Now, let’s calculate the equity percentage using the new formula we established above:

**Equity %** = **$3,000** (equity) / **$6,000** (LMV)
**Equity %** = **50%**

It shouldn’t be a surprise the account is currently at 50% equity. Remember, equity represents the overall amount the investor owns of the margin account. If the investor owns $3,000 of a $6,000 account, they own 50% of the account. Of course, the equity formula (both of them) will change when market values change. Let’s work through an example together:

An investor purchases 200 shares of ABC stock at $300 and deposits the required margin. The market price then falls to $175. What is the equity amount in dollars and percent?

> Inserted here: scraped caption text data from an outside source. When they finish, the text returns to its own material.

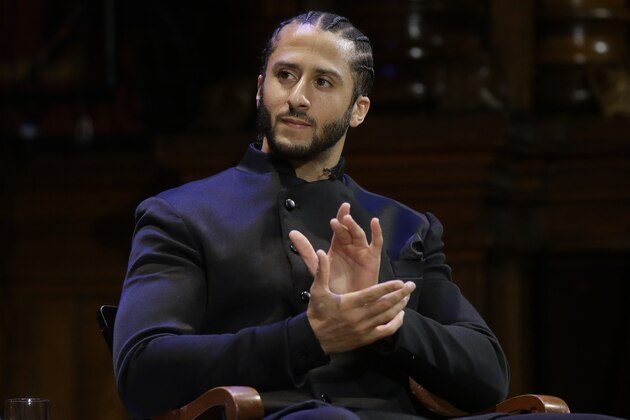FILE - In this Oct. 11, 2018, file photo, former NFL football quarterback Colin Kaepernick applauds while seated on stage during W.E.B. Du Bois Medal ceremonies at Harvard University in Cambridge, Mass. Republican concerns that the former NFL quarterback is too controversial to honor as a black leader doomed a resolution recognizing Black History Month in the state Assembly, Tuesday, Feb. 12, 2019. The Legislature's black caucus had proposed a resolution honoring a number of black leaders, including Kaepernick, but Assembly Republicans refused to take it up. (AP Photo/Steven Senne, File)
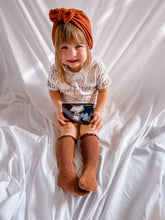 Child wearing a turban and holding an ultrasound image on a white background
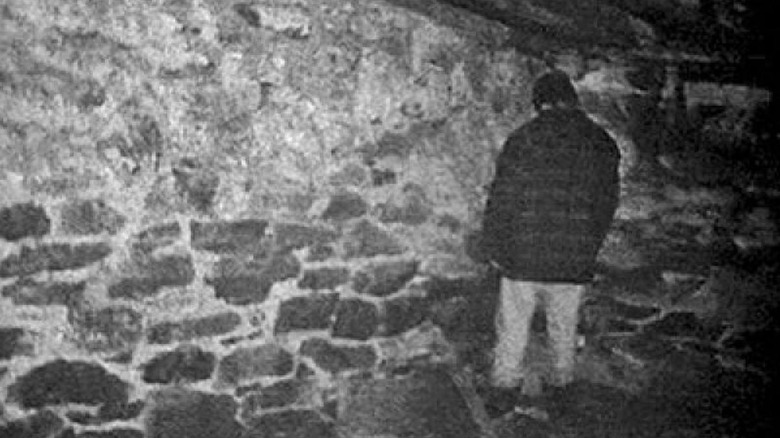 Michael C. Williams facing the corner brick wall in the basement in The Blair Witch Project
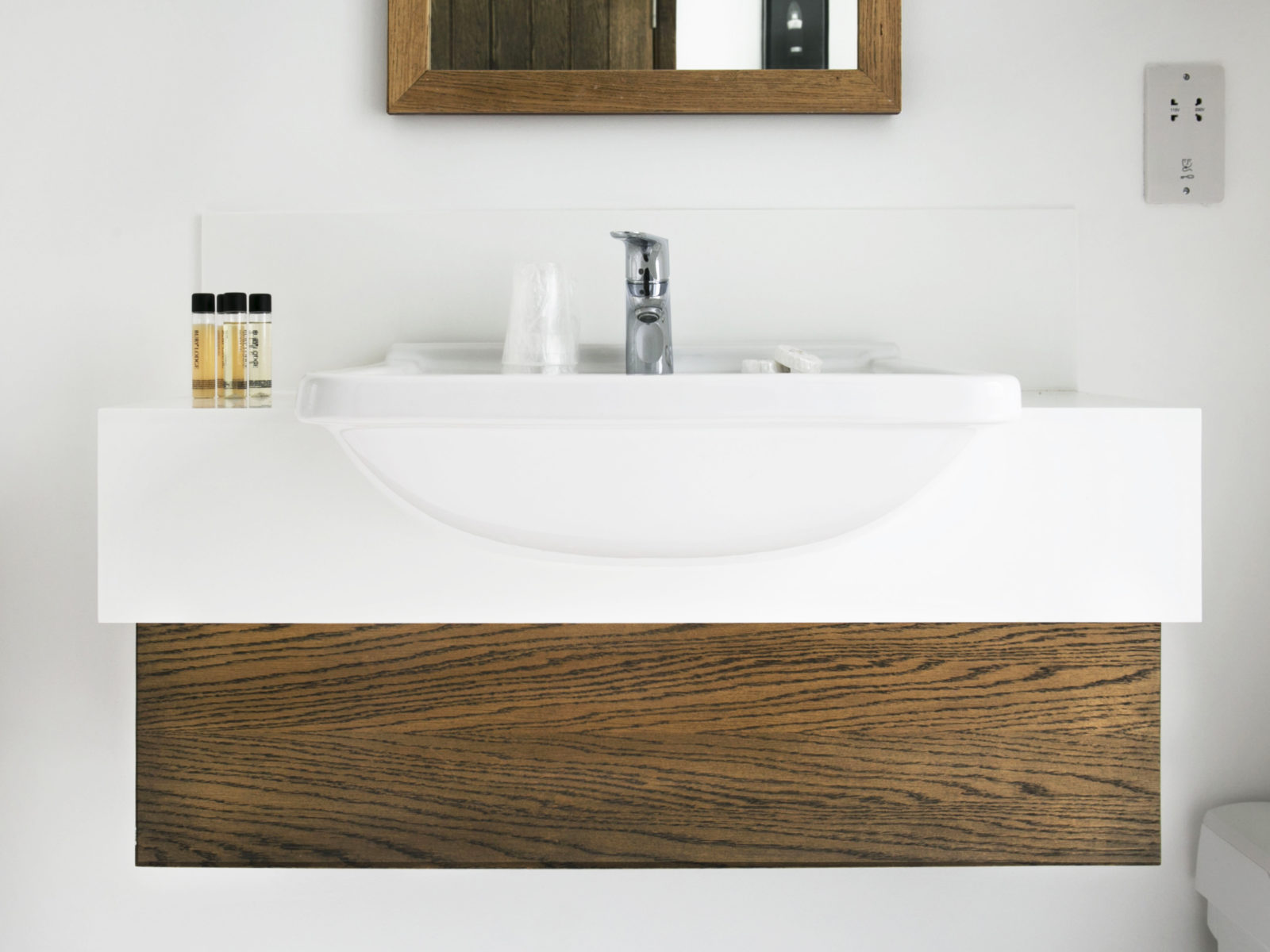 Oak vanity unit with Corian worktop and built-in sink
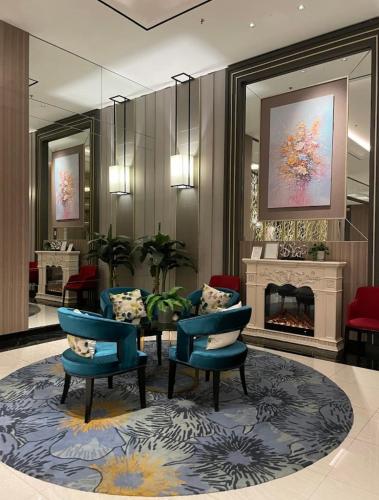 a lobby with chairs and a table and a fireplace at Anderson pakuwon 2 Bedroom 6 people stay in Surabaya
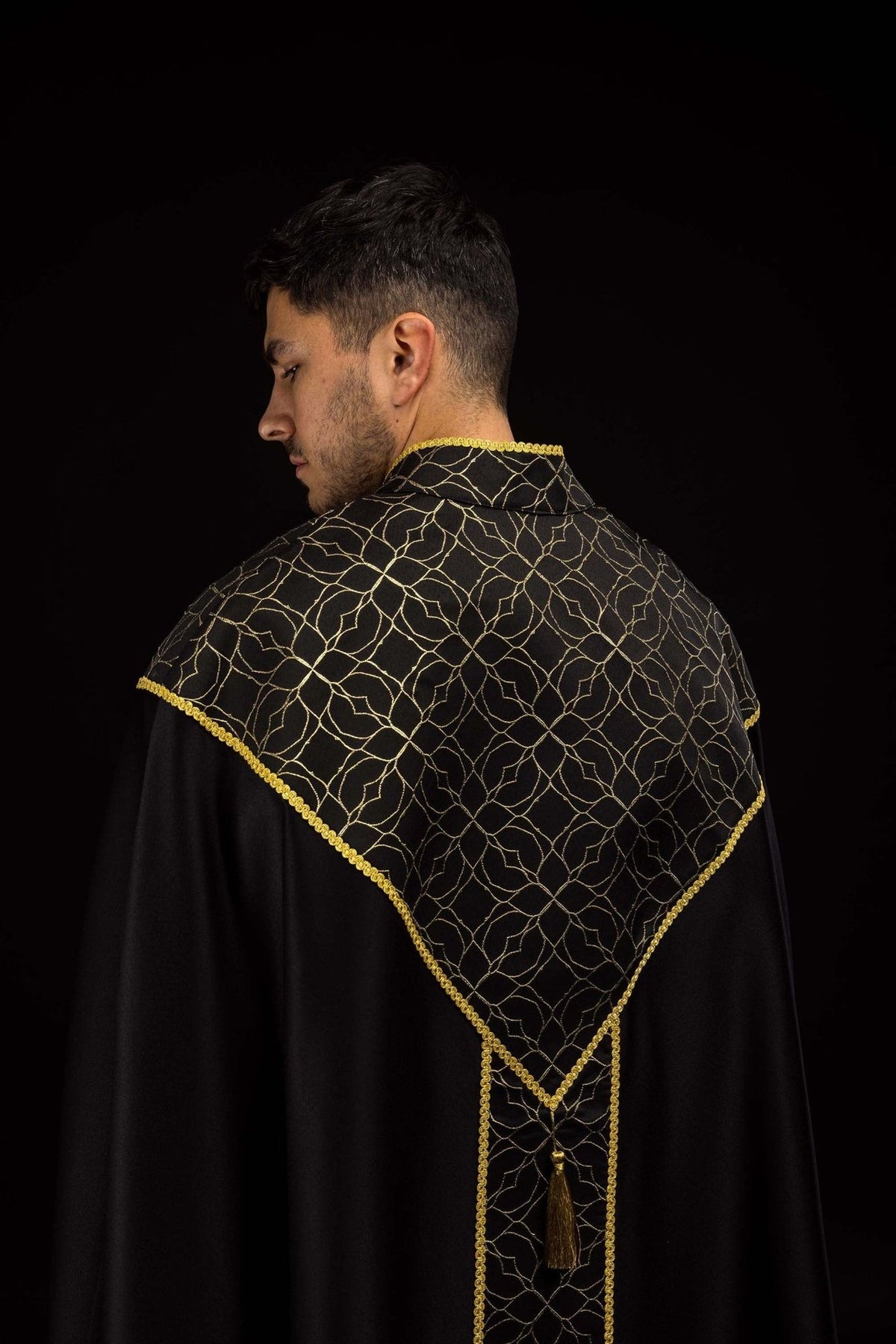 Black cope back view with gold embroidered floral pattern, trim and tassel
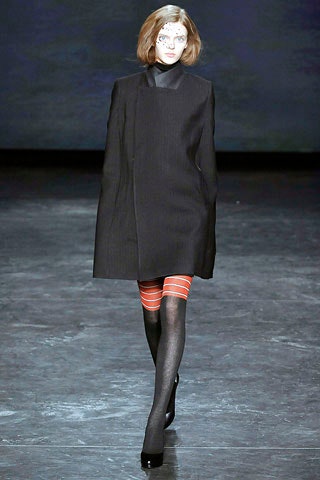 black wool asymmetric coat with red skirt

First, let’s establish how the account starts:

**$60,000** (LMV) - **$30,000** (debit) = **$30,000** (equity)

The investor purchases $60,000 of stock (200 shares x $300) in their margin account. The investor must deposit 50% of the overall purchase or $2,000, whichever is greater. 50% of the overall purchase is the greater of the two, so the investor deposits $30,000. The other $30,000 is borrowed from the broker-dealer, which is reflected in the debit.

Next, let’s factor in the decrease in market price to $175 per share:

**$35,000** (LMV) - **$30,000** (debit) = **$5,000** (equity)

When the market falls, so does the LMV. Now the investor holds 200 shares at $175 per share, resulting in an overall LMV of $35,000. The debit does not change because the investor did not borrow more money or pay any borrowed funds back. This leads to a new equity of $5,000.

Last, let’s calculate the equity percentage:

**Equity %** = **$5,000** (equity) / **$35,000** (LMV)
**Equity %** = **14.3%**

Whether you realize it or not, the investor is in a really bad position. They lost $25,000 of equity when the market fell and is close to their account going “underwater” (owing more than the account is worth). If the market continues to fall, the broker-dealer is at risk of not being repaid the $30,000 they lent to the customer. To avoid something like this happening, FINRA enforces minimum maintenance rules.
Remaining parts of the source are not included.